Essas pessoas esquisitas que nunca rabiscam seus livros...
Ontem peguei meu exemplar de As Dores do Mundo, do Schopenhauer, e reli as primeiras páginas. Já no primeiro capítulo encontrei anotações sobre minha novela Estrelas Mortas (o narrador é de algum modo um discípulo do pessimista alemão), observações sobre determinada frase ou parágrafo, uma ou outra nota pessoal do tipo “pensar a respeito” ou um simples “risos” ao lado de algum trecho particularmente engraçado. Foi um duplo prazer: a releitura de um filósofo que gosto — e que me provoca, faz rir — e as anotações do leitor que eu era quando li aquele livro pela primeira vez.
Terminei o primeiro capítulo refletindo sobre essas pessoas esquisitas que jamais rabiscam seus livros. Conheço várias: o livro é um item sagrado, que leem com todo o cuidado do mundo, como se algum movimento brusco ou um pouco mais duro pudesse reduzi-lo a pó. Eu fui uma dessas pessoas quando tinha por volta dos 15 anos, mas pouco mais de 20 anos depois eu ando rabiscando até os livros da Cosac, que no Brasil viraram coisa de colecionador.

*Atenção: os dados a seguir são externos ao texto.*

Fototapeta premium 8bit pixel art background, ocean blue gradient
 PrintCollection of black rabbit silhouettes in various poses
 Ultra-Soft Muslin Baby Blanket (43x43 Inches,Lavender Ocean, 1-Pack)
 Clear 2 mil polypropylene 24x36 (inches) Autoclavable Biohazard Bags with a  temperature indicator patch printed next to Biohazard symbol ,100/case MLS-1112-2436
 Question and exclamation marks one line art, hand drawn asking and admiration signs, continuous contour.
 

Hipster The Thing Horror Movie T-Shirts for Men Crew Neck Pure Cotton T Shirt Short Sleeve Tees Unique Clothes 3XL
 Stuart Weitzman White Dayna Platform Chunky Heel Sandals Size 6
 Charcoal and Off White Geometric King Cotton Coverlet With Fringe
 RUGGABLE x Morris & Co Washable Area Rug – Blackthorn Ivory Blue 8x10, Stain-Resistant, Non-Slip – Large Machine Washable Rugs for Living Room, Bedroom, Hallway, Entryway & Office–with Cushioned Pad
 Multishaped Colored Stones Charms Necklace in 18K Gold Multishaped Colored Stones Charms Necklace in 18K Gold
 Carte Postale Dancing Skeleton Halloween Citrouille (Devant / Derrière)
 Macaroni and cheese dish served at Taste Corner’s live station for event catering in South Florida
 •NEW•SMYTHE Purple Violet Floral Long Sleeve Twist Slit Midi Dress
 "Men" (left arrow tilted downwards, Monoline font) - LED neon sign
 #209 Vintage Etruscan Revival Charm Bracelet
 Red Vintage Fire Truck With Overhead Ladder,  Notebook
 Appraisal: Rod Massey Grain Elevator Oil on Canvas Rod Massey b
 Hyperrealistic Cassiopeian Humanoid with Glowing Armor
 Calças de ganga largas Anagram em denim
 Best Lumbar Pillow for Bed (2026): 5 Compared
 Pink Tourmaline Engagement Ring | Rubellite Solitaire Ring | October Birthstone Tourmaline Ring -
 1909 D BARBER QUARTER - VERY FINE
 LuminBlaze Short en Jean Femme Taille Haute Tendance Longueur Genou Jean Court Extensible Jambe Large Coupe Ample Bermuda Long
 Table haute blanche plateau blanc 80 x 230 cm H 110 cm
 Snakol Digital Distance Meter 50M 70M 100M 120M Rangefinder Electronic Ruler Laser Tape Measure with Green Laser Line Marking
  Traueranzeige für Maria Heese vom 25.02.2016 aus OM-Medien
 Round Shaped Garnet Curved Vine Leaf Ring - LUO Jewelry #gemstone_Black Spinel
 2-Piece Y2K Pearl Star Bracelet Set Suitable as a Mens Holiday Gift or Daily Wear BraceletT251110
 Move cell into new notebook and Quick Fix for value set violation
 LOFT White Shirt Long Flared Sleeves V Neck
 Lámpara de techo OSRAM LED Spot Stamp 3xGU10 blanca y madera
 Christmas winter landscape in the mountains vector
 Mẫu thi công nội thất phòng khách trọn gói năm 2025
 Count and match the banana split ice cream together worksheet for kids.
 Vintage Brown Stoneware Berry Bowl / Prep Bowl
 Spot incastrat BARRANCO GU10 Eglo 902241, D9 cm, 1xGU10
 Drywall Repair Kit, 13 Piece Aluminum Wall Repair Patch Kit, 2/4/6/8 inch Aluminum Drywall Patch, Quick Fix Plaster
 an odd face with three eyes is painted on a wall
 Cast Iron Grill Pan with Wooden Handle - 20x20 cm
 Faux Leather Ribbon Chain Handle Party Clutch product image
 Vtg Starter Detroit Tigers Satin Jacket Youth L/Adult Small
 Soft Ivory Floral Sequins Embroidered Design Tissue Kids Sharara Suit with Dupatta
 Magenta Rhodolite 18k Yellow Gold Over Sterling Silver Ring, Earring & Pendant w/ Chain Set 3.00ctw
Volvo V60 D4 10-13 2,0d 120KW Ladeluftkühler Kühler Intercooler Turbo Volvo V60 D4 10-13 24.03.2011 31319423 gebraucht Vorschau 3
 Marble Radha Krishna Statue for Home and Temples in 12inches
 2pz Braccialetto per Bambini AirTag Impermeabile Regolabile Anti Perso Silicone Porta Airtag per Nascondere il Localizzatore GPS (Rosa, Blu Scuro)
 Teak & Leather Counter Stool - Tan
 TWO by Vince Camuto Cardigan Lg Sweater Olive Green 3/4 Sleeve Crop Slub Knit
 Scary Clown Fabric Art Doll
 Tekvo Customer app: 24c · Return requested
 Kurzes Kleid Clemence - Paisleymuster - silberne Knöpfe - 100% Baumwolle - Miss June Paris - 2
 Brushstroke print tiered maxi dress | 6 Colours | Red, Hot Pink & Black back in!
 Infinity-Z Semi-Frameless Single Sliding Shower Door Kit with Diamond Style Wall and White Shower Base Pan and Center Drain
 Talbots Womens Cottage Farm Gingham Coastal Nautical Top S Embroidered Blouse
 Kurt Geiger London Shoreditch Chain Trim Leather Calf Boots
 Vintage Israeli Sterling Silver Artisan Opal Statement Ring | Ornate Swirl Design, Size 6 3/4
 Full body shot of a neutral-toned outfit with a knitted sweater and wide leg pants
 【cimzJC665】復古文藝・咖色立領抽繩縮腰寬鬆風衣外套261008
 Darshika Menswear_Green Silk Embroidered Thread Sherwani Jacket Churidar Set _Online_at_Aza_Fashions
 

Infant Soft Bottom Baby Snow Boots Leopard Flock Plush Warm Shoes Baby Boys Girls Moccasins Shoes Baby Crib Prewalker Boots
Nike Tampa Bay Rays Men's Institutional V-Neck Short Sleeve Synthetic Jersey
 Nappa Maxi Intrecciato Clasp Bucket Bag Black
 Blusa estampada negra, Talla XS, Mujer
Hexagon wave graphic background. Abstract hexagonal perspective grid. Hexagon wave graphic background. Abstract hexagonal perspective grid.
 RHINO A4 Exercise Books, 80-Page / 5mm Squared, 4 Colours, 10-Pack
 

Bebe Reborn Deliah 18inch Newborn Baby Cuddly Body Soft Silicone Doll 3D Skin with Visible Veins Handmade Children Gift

O que me transformou num rabiscador compulsivo não sei bem, mas talvez tenha sido a consciência de que ars longa, vita brevis; ou então um livro que certa vez me caiu em mãos, datado dos anos 30 e ainda em boas condições, talvez o livro que uma amiga me emprestou um dia e que estava cheio de anotações, e que me causou uma experiência de leitura até então inédita; talvez o conjunto de todas essas coisas.
Quando advoguei em defesa do rabisco em público pela primeira vez (Bar do Péla, Abril de 2006) só faltaram me chamar de nazista: livro não se rabisca, gritavam os colegas de mesa, depois disso o próximo passo é jogá-los na fogueira.
Mas eu dizia: Ei, ninguém aqui vai viver pra sempre, certo? Os homens passarão, os livros passarinho (Abraços, Quintana). De modo que voarão em direção a outros leitores, outros ninhos, e no caso de quem vai deixar herança (ou seja: vai MORRER e deixar os livros pra seja lá quem for), pense no seguinte: quem sobrar vai ter muito de você em suas anotações. E isso é fofo.
Continuarei, portanto, um rabiscador convicto, e seguirei sem entender essas pessoas esquisitas que jamais rabiscam seus livros. São como tardígrados e física quântica: jamais compreenderei por completo.